The Second Bank of the United States asked Congress to pass a renewal of the bank's charter, four years early.

Congress complied and sent the bill to President Jackson for signing.

President Jackson vetoed this bill and in his veto message he stated the following:
  • "It is not our own citizens only who are to receive the bounty of our Government. More than eight millions of the stock of the Bank are held by foreigners...Is there no danger to out liberty and independence in a bank that in its nature has so little to bind it to our country?"

    "Controlling our currency, receiving our public moneys, and holding thousands of our citizens in dependence... would be more formidable and dangerous than a military power of the enemy. If government would confine itself to equal protection, and, as Heaven does its rains, shower the favor alike on the high and the low, the rich and the poor, it would be an unqualified blessing."

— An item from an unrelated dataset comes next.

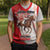 Horse Racing Christmas Knitted V-Neck Vest Giddy Up Pick Up Your Feet - Wonder Print Shop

    "In the act before me there seems to be wide and unnecessary departure from these just principles."

In July, Congress was unable to override President Jackson's veto.

President Jackson then stood for re-election and for the first time in American history he took his argument directly to the people by taking his re-election campaign on the road. His campaign slogan was, "Jackson And No Bank!"

Even though the bankers poured over $3,000,000 into President Jackson's opponent, the Republican, Senator Henry Clays' campaign, President Jackson was re-elected by a landslide in November.

President Jackson knew the battle was only beginning however, and following his victory he stated:
  • "The hydra of corruption is only scotched, not dead!"

1833

President Jackson appoints Roger B. Taney as Secretary of State for the Treasury, with instructions to start removing the government's deposits from the Second Bank of the United States.

President Jackson's previous two Secretaries of State for the Treasury, William J. Duane and Louis McLane had both refused to comply with President Jackson's request and were fired as a result.

The head of the Second Bank of the United States, Nicholas Biddle, starts to use his influence to get the Senate to reject Roger B. Taney's nomination and even threatened to cause a depression if the Bank was not re-chartered. Biddle stated:
  • "This worthy President thinks that because he has scalped Indians and imprisoned judges, he is to have his way with the Bank. He is mistaken."


Biddle then went on to brazenly admit that the bank was intending to make money scarce in order to force the hand of Congress into re-chartering the bank. He stated:
  • "Nothing but widespread suffering will produce any effect on Congress...Our only safety is pursuing a steady course of firm restriction - and I have no doubt that such a course will ultimately lead to restoration of the currency and re-charter of the Bank."

What Biddle has done with that statement is prove to the world what central banks were really about.

He made good on his word and the Second Bank of the United States sharply contracted the money supply by calling in old loans and refusing to issue new ones. Naturally a financial panic ensued, followed by America being plunged into a deep depression.

Biddle then unashamedly blamed President Jackson for the crash, claiming that it was Jackson's withdrawal of federal funds that had caused it.

This crash plunged wages and prices, unemployment soared along with business bankruptcies. The United States was in uproar and newspaper editors blasted the President in editorials.

1835

Congress assembled what was called the, "Panic Session," and on March 27 President Jackson was officially censured by Congress for withdrawing funds from the Second Bank of the United States, in a vote which passed the Senate by 26 to 20.

It was the first time a President had ever been censured by Congress and Jackson stated of the Bank:
  • "You are a den of thieves vipers, and I intend to rout you out, and by the Eternal God, I will rout you out."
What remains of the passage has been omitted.